[Brief descriptive captions]
::::::::
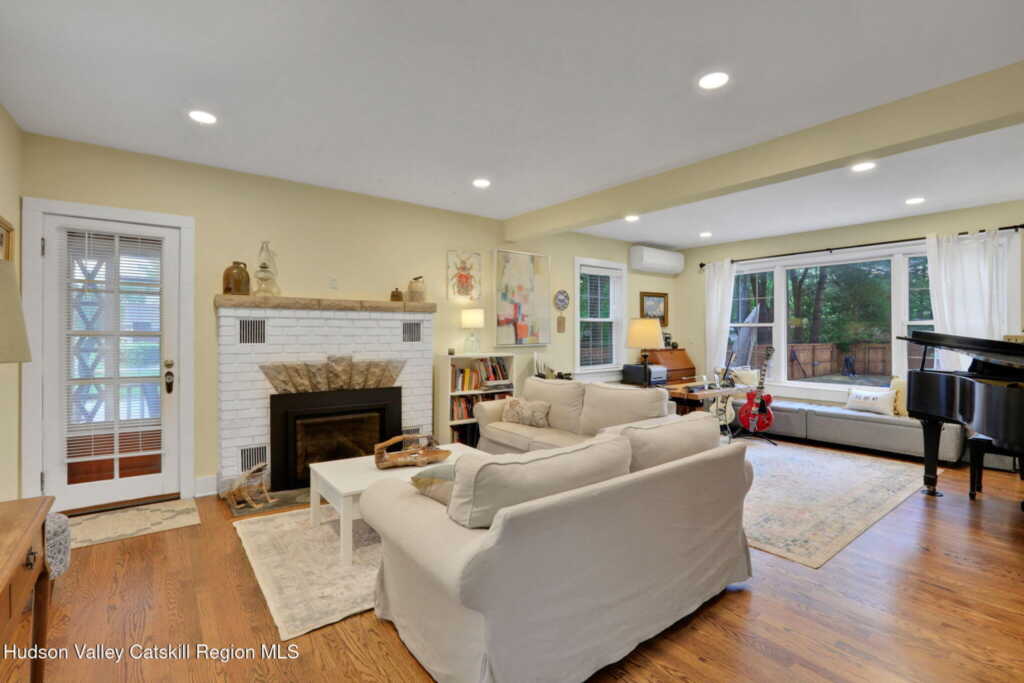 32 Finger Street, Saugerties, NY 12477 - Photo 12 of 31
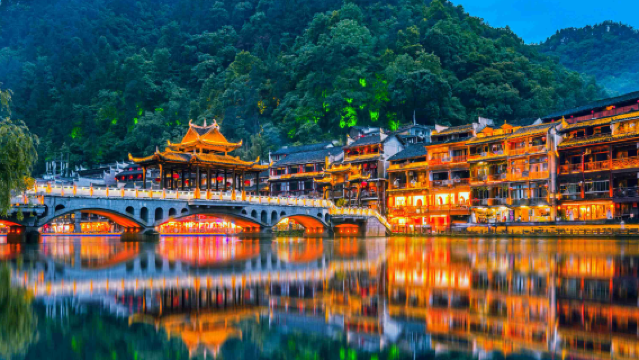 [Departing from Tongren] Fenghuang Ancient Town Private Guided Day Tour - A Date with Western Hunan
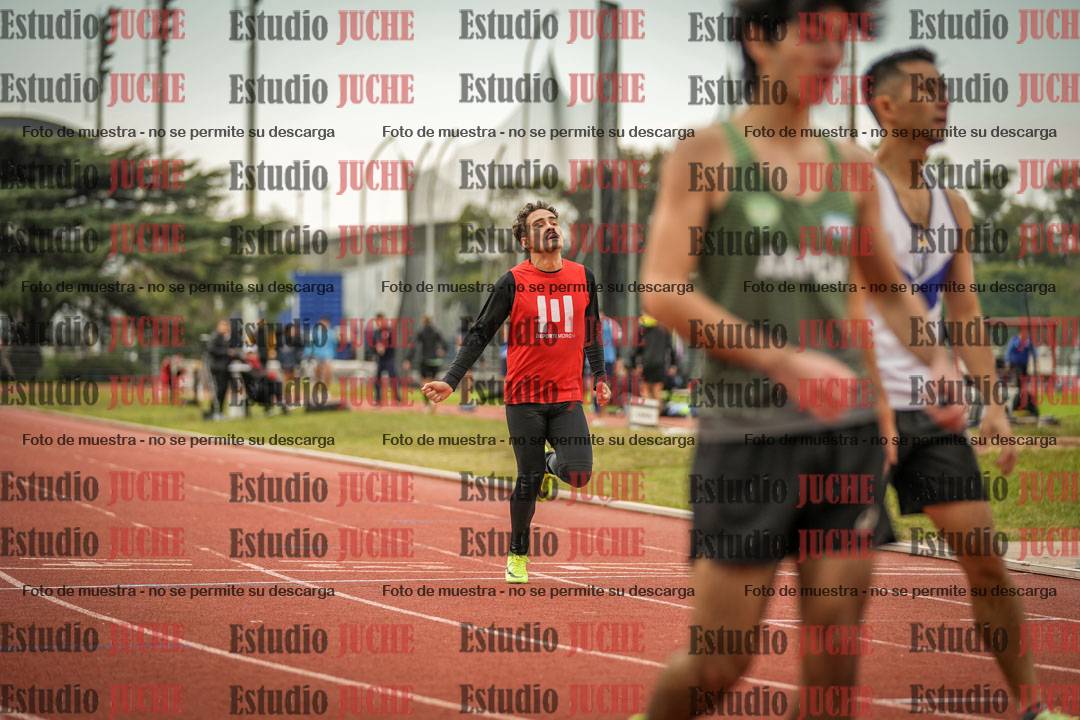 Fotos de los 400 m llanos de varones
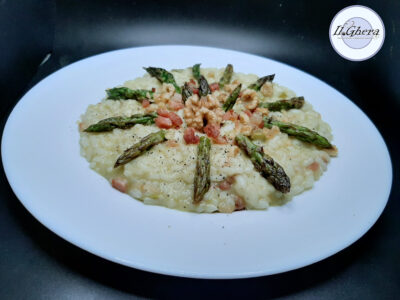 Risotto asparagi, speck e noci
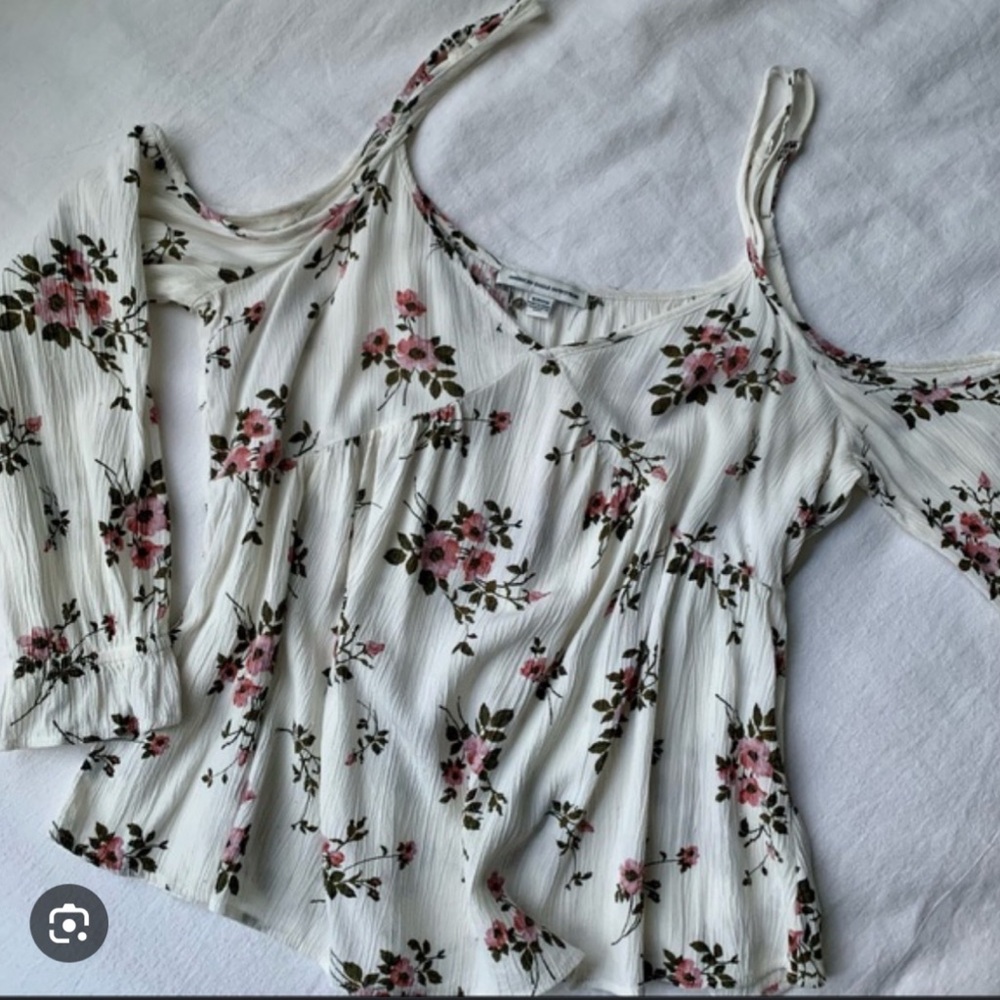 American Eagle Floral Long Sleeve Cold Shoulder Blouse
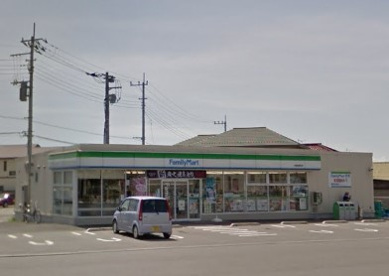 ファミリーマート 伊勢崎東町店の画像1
::::::::
Nothing but the lines from the one containing "Fotos de los 400 m llanos de varones" to the last line of the records should be returned, exactly as they appear and without pictures.

=== Answer section ===
 Fotos de los 400 m llanos de varones
 Risotto asparagi, speck e noci
 American Eagle Floral Long Sleeve Cold Shoulder Blouse
 ファミリーマート 伊勢崎東町店の画像1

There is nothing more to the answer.